**WHAT THIS TASK INVOLVES:** Each line from the one containing "Chadwicks Tweed Brown" to the end of the material below is to be restated exactly, with pictures skipped.
** Opening AVAILABLE DATA block **
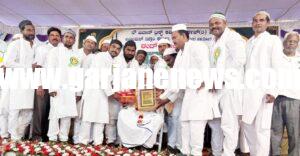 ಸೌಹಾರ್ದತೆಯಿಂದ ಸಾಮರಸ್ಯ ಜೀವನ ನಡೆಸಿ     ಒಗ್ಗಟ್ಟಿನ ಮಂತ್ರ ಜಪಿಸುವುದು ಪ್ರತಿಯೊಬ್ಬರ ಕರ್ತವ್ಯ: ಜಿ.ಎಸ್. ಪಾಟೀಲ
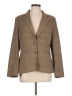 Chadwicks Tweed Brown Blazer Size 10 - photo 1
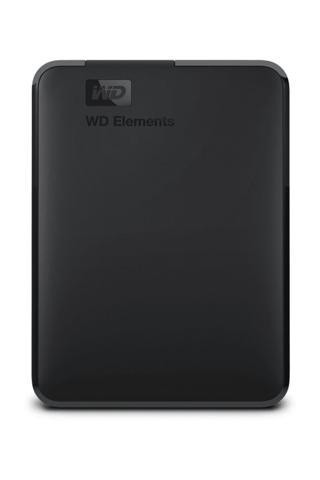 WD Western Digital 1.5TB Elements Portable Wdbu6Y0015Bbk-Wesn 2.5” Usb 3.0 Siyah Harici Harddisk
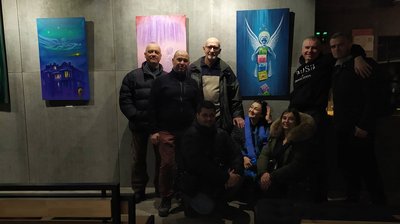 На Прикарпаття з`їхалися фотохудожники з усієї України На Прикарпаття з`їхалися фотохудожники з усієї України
** Closing AVAILABLE DATA block **
**RESULT OF THIS TASK:**
 Chadwicks Tweed Brown Blazer Size 10 - photo 1
 WD Western Digital 1.5TB Elements Portable Wdbu6Y0015Bbk-Wesn 2.5” Usb 3.0 Siyah Harici Harddisk
 На Прикарпаття з`їхалися фотохудожники з усієї України На Прикарпаття з`їхалися фотохудожники з усієї України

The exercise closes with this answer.